Awalnya, seri ini akan diisi dengan masalah perang dan damai dalam sejarah dan dampaknya sampai abad kini, tetapi karena adanya respons empati dari beberapa netizen tentang seri sebelumnya, maka saya menghormatinya dengan mendahulukan untuk meresponnya. Tentu saja respon ini secara umum diiringi sebuah harapan agar kita semua pada akhirnya bisa menemukan dunia baru penuh damai yang dicitakan.

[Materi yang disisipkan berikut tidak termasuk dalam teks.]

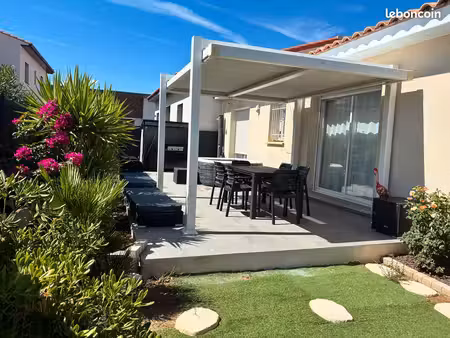 villa de plain-pied récente - 95 m2 + garage 15 m2 sur parcelle 302 m2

Para sejarawan berpendapat bahwa belajar sejarah bagai orang yang sedang mendaki gunung menuju puncak. Ketika masih di kaki gunung, si pendaki hanya bisa menyaksikan laut di depannya yang masih terbatas, namun semakin jauh naik mendaki semakin luas horison cakrawala pandang yang dapat disaksikan, sampai ia tiba di atas puncak gunung yang membuatnya suprise, karena ia baru sadar bahwa di balik gunung ternyata ada lagi lautan yang terhampar lebih luas yang awalnya dia tidak bisa saksikan semasih di kaki gunung karena terlindungi oleh gunung itu sendiri. 

Di puncak gunung mulai merenung dan tidak mudah lagi memastikan dengan mengatakan lautan hanya ada di depannya saat di kaki gunung. Mendaki gunung ibarat  banyak membaca dan memperkaya pengalaman. Semakin banyak membaca, kata Imam Syafii, semakin banyak yang belum diketahui dan semakin tidak mudah melakukan generalisasi sebuah kepastian bahkan yang dianggap benar selama ini pun mulai dipertanyakan.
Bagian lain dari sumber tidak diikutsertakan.